* Task requirements
Look below for the line that has "optimize sql server". Set down the lines from there through the line that has "Victorinox My First", exactly as written.

* Data supplied
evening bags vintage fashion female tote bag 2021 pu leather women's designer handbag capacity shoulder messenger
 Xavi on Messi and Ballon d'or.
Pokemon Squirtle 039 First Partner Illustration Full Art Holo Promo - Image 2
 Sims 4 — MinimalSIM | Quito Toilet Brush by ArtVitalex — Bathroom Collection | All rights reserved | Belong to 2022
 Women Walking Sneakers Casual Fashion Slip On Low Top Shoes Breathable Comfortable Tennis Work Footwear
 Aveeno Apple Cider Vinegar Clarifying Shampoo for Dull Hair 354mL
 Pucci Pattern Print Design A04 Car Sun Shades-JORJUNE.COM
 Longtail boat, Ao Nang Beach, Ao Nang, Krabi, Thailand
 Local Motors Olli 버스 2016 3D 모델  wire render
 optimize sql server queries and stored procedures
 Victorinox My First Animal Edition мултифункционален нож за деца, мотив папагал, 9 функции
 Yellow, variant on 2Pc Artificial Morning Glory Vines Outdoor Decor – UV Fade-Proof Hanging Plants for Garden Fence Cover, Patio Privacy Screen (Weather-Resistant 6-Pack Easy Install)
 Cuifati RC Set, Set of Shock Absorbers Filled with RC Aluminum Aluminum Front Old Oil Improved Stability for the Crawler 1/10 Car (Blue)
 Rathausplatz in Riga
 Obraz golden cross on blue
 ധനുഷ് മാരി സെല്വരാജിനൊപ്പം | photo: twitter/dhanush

* Solution
 optimize sql server queries and stored procedures
 Victorinox My First Animal Edition мултифункционален нож за деца, мотив папагал, 9 функции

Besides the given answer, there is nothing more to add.